La situación, si no se toman medidas desescalatorias o bien, en el peor de los casos, lo suficientemente firmes como para demostrar a Rusia la disposición a aceptar la escalada y asumir el riesgo de una guerra (más allá de algún gesto simbólico reciente como las declaraciones de Kellogg o el traslado de un E-6B «Mercury» hacia Europa), podría seguir degenerando, con acciones más agresivas por parte de Moscú, como pueden ser ataques más directos a intereses europeos (centros de datos, instalaciones de control de satélites, cables o ductos submarinos, redes de transportes, infraestructura portuaria… son muchas las opciones posibles que difícilmente conducirían a una guerra si la atribución no es demasiado evidente y dada la incapacidad europea para retomar el control de la escalada sin apoyo decidido por parte de los EEUU).
Precisamente, este último punto es el más determinante, pues mientras Trump se compromete con sus aliados bálticos y del Este de Europa, al mismo tiempo demuestra que su preocupación principal sigue siendo económica, entendiendo el apoyo a los aliados como un elemento transaccional, a cambio del corte total de las relaciones energéticas con Rusia. Una actitud muy peligrosa pues podría degenerar en un desacople difícil, ya que los europeos no disponen de medios suficientes (ni en tipología, ni en cantidad) para garantizar su seguridad a pesar de los despliegues en marcha, pero podrían verse casi obligados a dar pasos en falso si perciben que el apoyo desde Washington deja de ser creíble. Además, algunos de los países que siguen beneficiándose de los hidrocarburos rusos, como Hungría, Eslovaquia o España, cada uno por distintas razones, tienen incentivos para mantener sus negocios. Así las cosas, no cabe más que recordar que el edificio de la disuasión es débil…

Dos civiles han fallecido como consecuencia de los ataques aéreos rusos contra Zaporiyia, alcanzada por drones y bombas planeadoras. Además, otras dos personas han sufrido heridas de distinta consideración en esta capital del sureste de Ucrania, que habría sido blanco de hasta cinco ataques por parte de la Fuerza Aérea rusa. No ha sido la única localidad atacada, pues en Dnipró las defensas aéreas ucranianas habrían derribado, según algunas fuentes, hasta una docena de drones.

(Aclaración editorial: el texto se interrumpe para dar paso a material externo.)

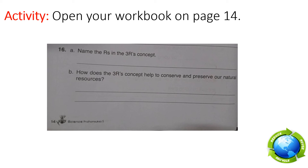Write your answer in the blank and then send your activity at four o'clock in the afternoon. That's all for your activity today, class. See you again next time.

Además de estos ataques, a la espera de un recuento oficial que a la hora de redacción de este informe todavía no había sido publicado, la aviación rusa ha lanzado bombas planeadoras sobre otros puntos cercanos al frente.
En cuanto a Ucrania, una jornada más ha vuelto a cargar contra las infraestructuras rusas, en este caso ferroviarias. Concretamente, contra una subestación eléctrica dedicada a abastecer la catenaria, ubicada en la localidad de Staroderevyansky, en la región de Krasnodar.
Además, habría sido atacado un complejo turístico ubicado en la península de Crimea en el que se alojaban huéspedes «muy importantes» según ha declarado Sergey Aksyonov, delegado ruso en esta región ocupada. Hay medios que hablan de una quincena de heridos.
Por otra parte, ha sido tema de debate el grado de daño que Ucrania estaría siendo capaz de infligir a las infraestructuras rusas relacionadas con los hidrocarburos y, por lo tanto, a su capacidad exportadora y a los beneficios que de ella extrae…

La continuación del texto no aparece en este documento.